### Available records ###
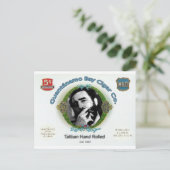 Fidel Castro Guantanamo Bay Cuba Cigar Company Postkarte (Stehend Vorderseite)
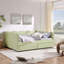 Lit de jour Cozy Gingham avec tiroirs de rangement et chargement USB-884559634
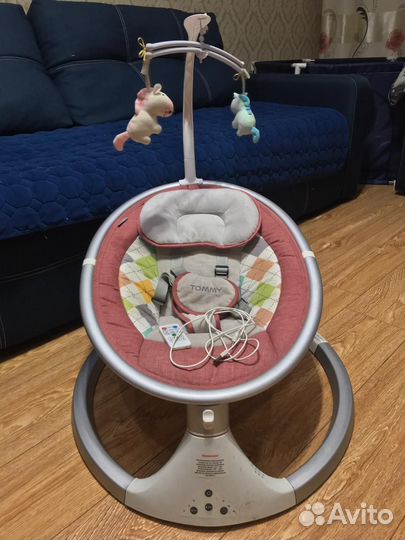 Детские электронные качели шезлонг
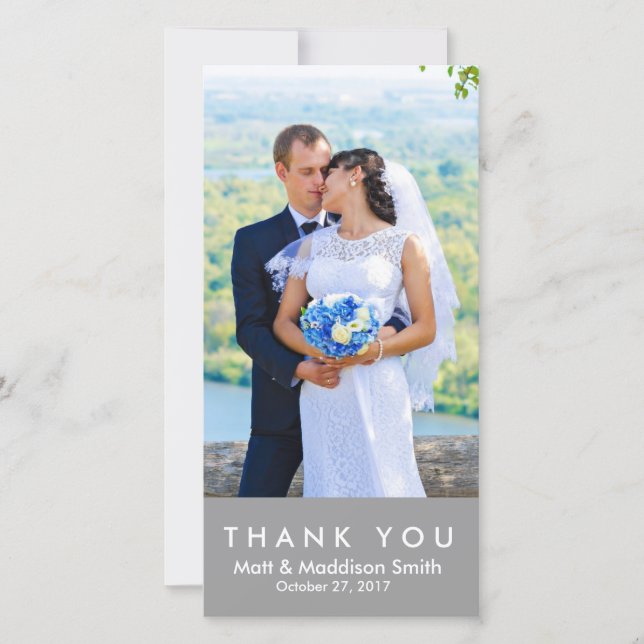 Bold Thank You Photo Card | WEDDINGS (Front)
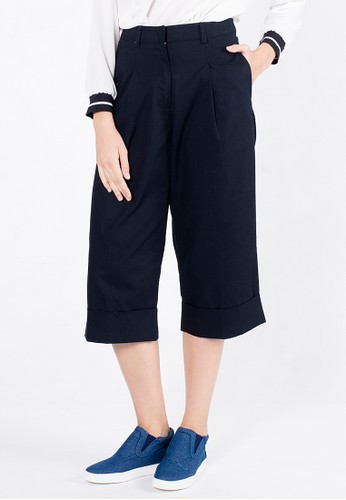 Rolled Up Culotte Trousers I-LPWFCT117C009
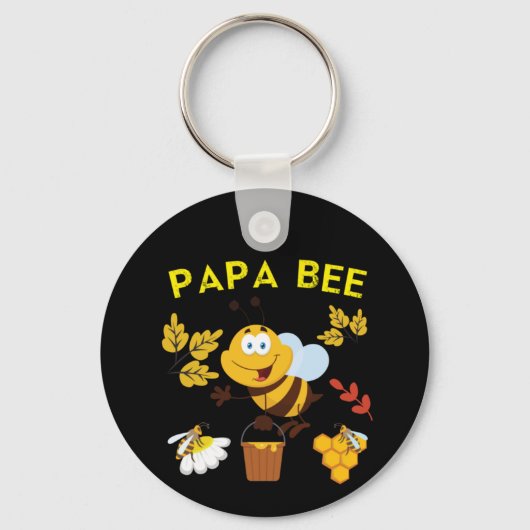 Porte-clés Beekeeper Art Papa Bee (Recto)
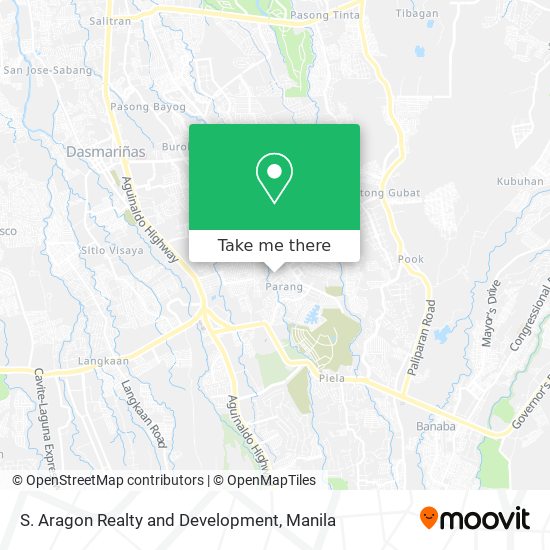 S. Aragon Realty and Development map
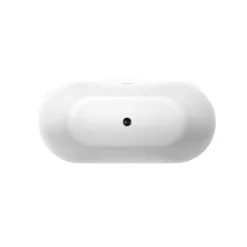 Mindy Matte White Double Ended Freestanding Tub -VINTAGE TUB Store rmd8370 59 orb top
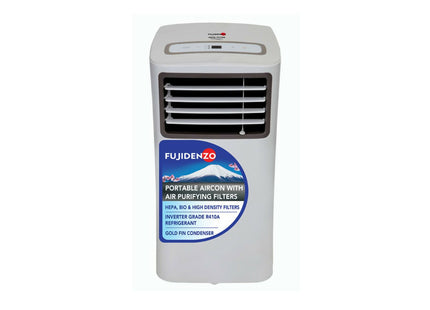 Fujidenzo 1.0 Hp Portable Aircon with Air Purifying Filters PAC-100AIG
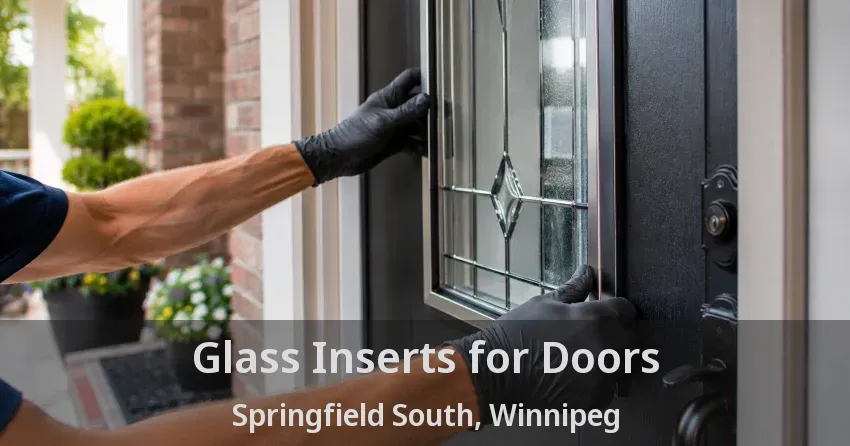 Glass Inserts for Doors Springfield South, Winnipeg - MB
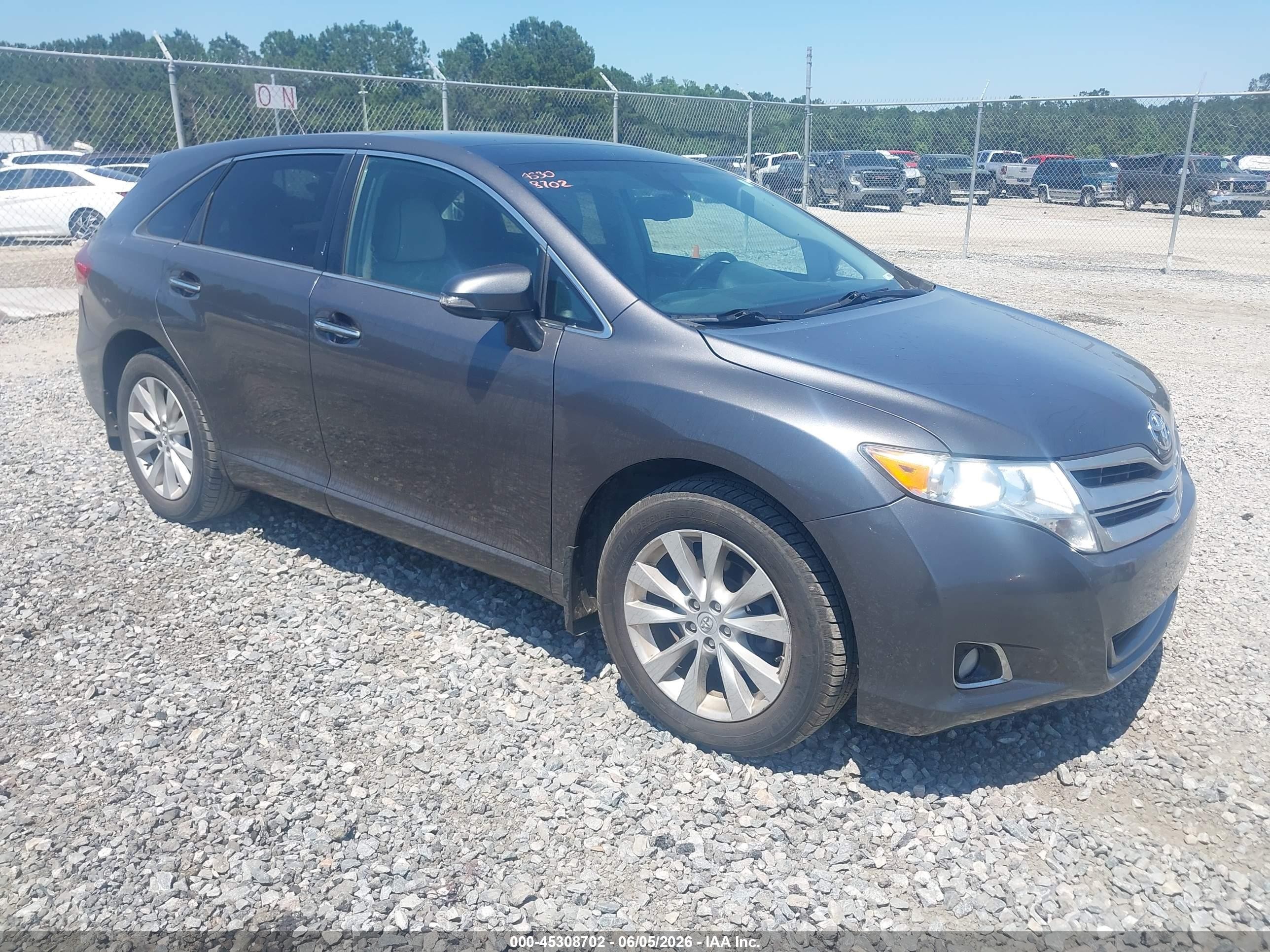 2014 Toyota Venza Xle Gray vin: 4T3ZA3BB3EU086489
###
Exercise aim:
When printing the entries, leave out the images and keep everything else exact.

Solution below:
 Fidel Castro Guantanamo Bay Cuba Cigar Company Postkarte (Stehend Vorderseite)
 Lit de jour Cozy Gingham avec tiroirs de rangement et chargement USB-884559634
 Детские электронные качели шезлонг
 Bold Thank You Photo Card | WEDDINGS (Front)
 Rolled Up Culotte Trousers I-LPWFCT117C009
 Porte-clés Beekeeper Art Papa Bee (Recto)
 S. Aragon Realty and Development map
 Mindy Matte White Double Ended Freestanding Tub -VINTAGE TUB Store rmd8370 59 orb top
 Fujidenzo 1.0 Hp Portable Aircon with Air Purifying Filters PAC-100AIG
 Glass Inserts for Doors Springfield South, Winnipeg - MB
 2014 Toyota Venza Xle Gray vin: 4T3ZA3BB3EU086489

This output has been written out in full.